THE TASK:
All of the entries need to be repeated exactly. Leave nothing out.

[Web page caption snippets]
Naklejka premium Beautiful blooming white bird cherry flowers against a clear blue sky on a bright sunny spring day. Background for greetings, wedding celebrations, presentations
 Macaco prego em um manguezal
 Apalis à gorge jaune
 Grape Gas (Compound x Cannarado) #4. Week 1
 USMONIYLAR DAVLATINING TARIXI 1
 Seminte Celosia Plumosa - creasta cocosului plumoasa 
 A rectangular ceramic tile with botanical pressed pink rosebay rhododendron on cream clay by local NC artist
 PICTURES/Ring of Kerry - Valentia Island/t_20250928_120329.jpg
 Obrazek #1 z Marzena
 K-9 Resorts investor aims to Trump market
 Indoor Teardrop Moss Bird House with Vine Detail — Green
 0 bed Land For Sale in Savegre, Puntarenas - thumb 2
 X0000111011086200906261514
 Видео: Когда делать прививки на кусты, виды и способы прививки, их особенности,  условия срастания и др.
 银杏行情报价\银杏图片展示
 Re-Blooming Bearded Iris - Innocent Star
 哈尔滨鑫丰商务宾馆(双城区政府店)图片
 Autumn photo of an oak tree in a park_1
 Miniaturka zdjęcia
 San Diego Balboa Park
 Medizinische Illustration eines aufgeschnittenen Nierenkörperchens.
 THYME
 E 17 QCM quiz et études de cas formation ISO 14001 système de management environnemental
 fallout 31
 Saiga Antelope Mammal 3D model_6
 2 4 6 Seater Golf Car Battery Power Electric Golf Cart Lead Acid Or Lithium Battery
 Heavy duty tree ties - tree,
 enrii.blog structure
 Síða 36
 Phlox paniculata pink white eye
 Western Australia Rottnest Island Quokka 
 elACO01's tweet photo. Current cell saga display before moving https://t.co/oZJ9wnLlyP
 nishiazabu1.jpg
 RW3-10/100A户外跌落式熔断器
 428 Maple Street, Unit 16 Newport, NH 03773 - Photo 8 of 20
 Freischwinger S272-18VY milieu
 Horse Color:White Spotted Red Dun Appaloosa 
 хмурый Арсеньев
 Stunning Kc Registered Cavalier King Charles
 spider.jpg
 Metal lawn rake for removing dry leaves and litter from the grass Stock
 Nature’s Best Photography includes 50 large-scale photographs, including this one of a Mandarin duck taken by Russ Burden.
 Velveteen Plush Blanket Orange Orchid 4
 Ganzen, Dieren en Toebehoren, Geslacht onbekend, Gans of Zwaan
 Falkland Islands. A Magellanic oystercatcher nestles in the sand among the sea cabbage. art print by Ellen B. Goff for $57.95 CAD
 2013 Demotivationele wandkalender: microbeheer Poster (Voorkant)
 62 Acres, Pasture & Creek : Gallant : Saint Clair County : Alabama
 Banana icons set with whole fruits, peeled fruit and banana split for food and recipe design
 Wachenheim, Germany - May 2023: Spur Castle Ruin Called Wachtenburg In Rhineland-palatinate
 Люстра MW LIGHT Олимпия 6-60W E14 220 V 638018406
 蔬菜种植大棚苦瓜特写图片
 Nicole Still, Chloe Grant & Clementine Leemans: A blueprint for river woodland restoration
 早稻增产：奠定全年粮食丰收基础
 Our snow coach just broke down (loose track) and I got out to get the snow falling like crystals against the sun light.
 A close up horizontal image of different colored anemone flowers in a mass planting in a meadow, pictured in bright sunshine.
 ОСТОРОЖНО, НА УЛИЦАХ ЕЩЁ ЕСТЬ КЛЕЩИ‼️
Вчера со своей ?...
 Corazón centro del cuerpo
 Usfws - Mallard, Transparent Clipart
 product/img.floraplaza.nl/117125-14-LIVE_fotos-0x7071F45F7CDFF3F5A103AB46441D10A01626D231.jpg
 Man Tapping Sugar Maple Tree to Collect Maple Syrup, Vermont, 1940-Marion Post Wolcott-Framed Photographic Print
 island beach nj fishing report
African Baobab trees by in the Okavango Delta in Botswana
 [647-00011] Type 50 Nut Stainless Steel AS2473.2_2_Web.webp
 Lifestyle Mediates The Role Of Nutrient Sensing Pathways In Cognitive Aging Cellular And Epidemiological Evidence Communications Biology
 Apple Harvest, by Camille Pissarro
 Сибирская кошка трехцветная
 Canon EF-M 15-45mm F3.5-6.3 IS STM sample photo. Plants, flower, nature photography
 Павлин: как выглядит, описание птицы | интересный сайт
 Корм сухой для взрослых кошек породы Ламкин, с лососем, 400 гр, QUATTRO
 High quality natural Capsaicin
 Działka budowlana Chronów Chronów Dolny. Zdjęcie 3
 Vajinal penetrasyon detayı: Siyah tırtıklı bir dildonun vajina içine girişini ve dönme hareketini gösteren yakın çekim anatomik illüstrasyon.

RESPONSE TO THE TASK:
Naklejka premium Beautiful blooming white bird cherry flowers against a clear blue sky on a bright sunny spring day. Background for greetings, wedding celebrations, presentations
 Macaco prego em um manguezal
 Apalis à gorge jaune
 Grape Gas (Compound x Cannarado) #4. Week 1
 USMONIYLAR DAVLATINING TARIXI 1
 Seminte Celosia Plumosa - creasta cocosului plumoasa 
 A rectangular ceramic tile with botanical pressed pink rosebay rhododendron on cream clay by local NC artist
 PICTURES/Ring of Kerry - Valentia Island/t_20250928_120329.jpg
 Obrazek #1 z Marzena
 K-9 Resorts investor aims to Trump market
 Indoor Teardrop Moss Bird House with Vine Detail — Green
 0 bed Land For Sale in Savegre, Puntarenas - thumb 2
 X0000111011086200906261514
 Видео: Когда делать прививки на кусты, виды и способы прививки, их особенности,  условия срастания и др.
 银杏行情报价\银杏图片展示
 Re-Blooming Bearded Iris - Innocent Star
 哈尔滨鑫丰商务宾馆(双城区政府店)图片
 Autumn photo of an oak tree in a park_1
 Miniaturka zdjęcia
 San Diego Balboa Park
 Medizinische Illustration eines aufgeschnittenen Nierenkörperchens.
 THYME
 E 17 QCM quiz et études de cas formation ISO 14001 système de management environnemental
 fallout 31
 Saiga Antelope Mammal 3D model_6
 2 4 6 Seater Golf Car Battery Power Electric Golf Cart Lead Acid Or Lithium Battery
 Heavy duty tree ties - tree,
 enrii.blog structure
 Síða 36
 Phlox paniculata pink white eye
 Western Australia Rottnest Island Quokka 
 elACO01's tweet photo. Current cell saga display before moving https://t.co/oZJ9wnLlyP
 nishiazabu1.jpg
 RW3-10/100A户外跌落式熔断器
 428 Maple Street, Unit 16 Newport, NH 03773 - Photo 8 of 20
 Freischwinger S272-18VY milieu
 Horse Color:White Spotted Red Dun Appaloosa 
 хмурый Арсеньев
 Stunning Kc Registered Cavalier King Charles
 spider.jpg
 Metal lawn rake for removing dry leaves and litter from the grass Stock
 Nature’s Best Photography includes 50 large-scale photographs, including this one of a Mandarin duck taken by Russ Burden.
 Velveteen Plush Blanket Orange Orchid 4
 Ganzen, Dieren en Toebehoren, Geslacht onbekend, Gans of Zwaan
 Falkland Islands. A Magellanic oystercatcher nestles in the sand among the sea cabbage. art print by Ellen B. Goff for $57.95 CAD
 2013 Demotivationele wandkalender: microbeheer Poster (Voorkant)
 62 Acres, Pasture & Creek : Gallant : Saint Clair County : Alabama
 Banana icons set with whole fruits, peeled fruit and banana split for food and recipe design
 Wachenheim, Germany - May 2023: Spur Castle Ruin Called Wachtenburg In Rhineland-palatinate
 Люстра MW LIGHT Олимпия 6-60W E14 220 V 638018406
 蔬菜种植大棚苦瓜特写图片
 Nicole Still, Chloe Grant & Clementine Leemans: A blueprint for river woodland restoration
 早稻增产：奠定全年粮食丰收基础
 Our snow coach just broke down (loose track) and I got out to get the snow falling like crystals against the sun light.
 A close up horizontal image of different colored anemone flowers in a mass planting in a meadow, pictured in bright sunshine.
 ОСТОРОЖНО, НА УЛИЦАХ ЕЩЁ ЕСТЬ КЛЕЩИ‼️
Вчера со своей ?...
 Corazón centro del cuerpo
 Usfws - Mallard, Transparent Clipart
 product/img.floraplaza.nl/117125-14-LIVE_fotos-0x7071F45F7CDFF3F5A103AB46441D10A01626D231.jpg
 Man Tapping Sugar Maple Tree to Collect Maple Syrup, Vermont, 1940-Marion Post Wolcott-Framed Photographic Print
 island beach nj fishing report
African Baobab trees by in the Okavango Delta in Botswana
 [647-00011] Type 50 Nut Stainless Steel AS2473.2_2_Web.webp
 Lifestyle Mediates The Role Of Nutrient Sensing Pathways In Cognitive Aging Cellular And Epidemiological Evidence Communications Biology
 Apple Harvest, by Camille Pissarro
 Сибирская кошка трехцветная
 Canon EF-M 15-45mm F3.5-6.3 IS STM sample photo. Plants, flower, nature photography
 Павлин: как выглядит, описание птицы | интересный сайт
 Корм сухой для взрослых кошек породы Ламкин, с лососем, 400 гр, QUATTRO
 High quality natural Capsaicin
 Działka budowlana Chronów Chronów Dolny. Zdjęcie 3
 Vajinal penetrasyon detayı: Siyah tırtıklı bir dildonun vajina içine girişini ve dönme hareketini gösteren yakın çekim anatomik illüstrasyon.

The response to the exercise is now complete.